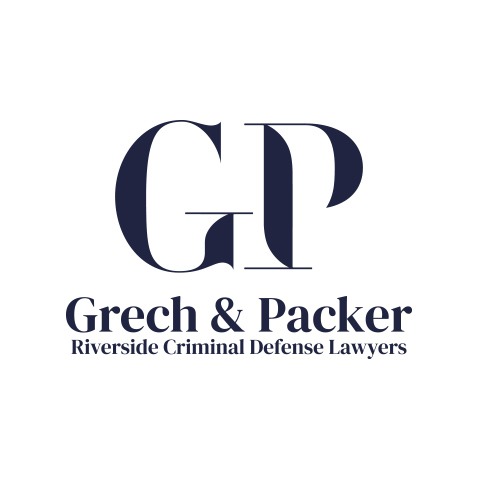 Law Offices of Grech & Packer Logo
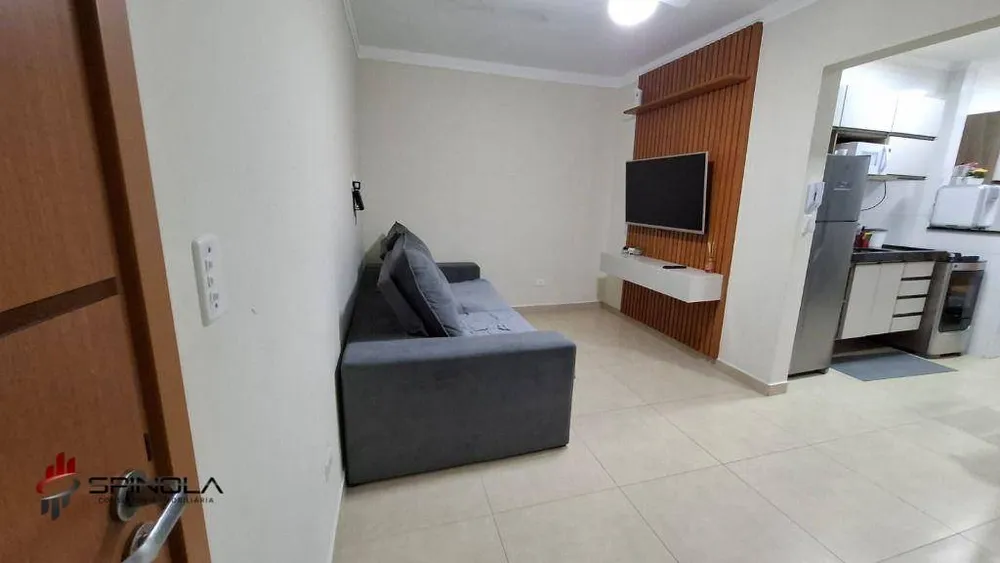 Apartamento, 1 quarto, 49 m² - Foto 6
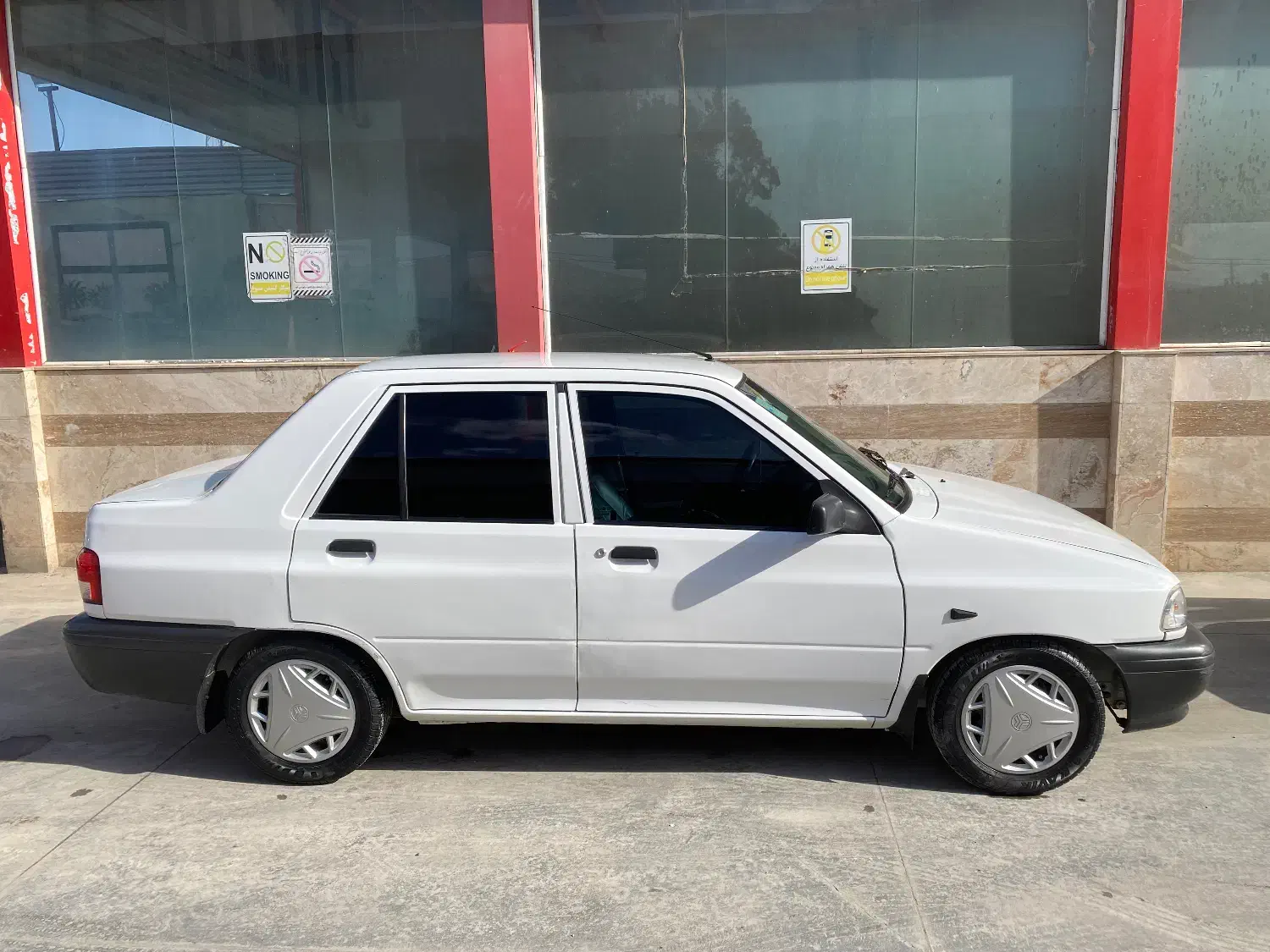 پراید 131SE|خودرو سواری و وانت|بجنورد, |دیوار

▶ _What you need to do_
Print only the lines from the line that contains "Apartamento, 1 quarto, 49 m² - Foto 6" to the final line of the data, inclusive. Pictures stay out.

▶ _Expected answer_
 Apartamento, 1 quarto, 49 m² - Foto 6
 پراید 131SE|خودرو سواری و وانت|بجنورد, |دیوار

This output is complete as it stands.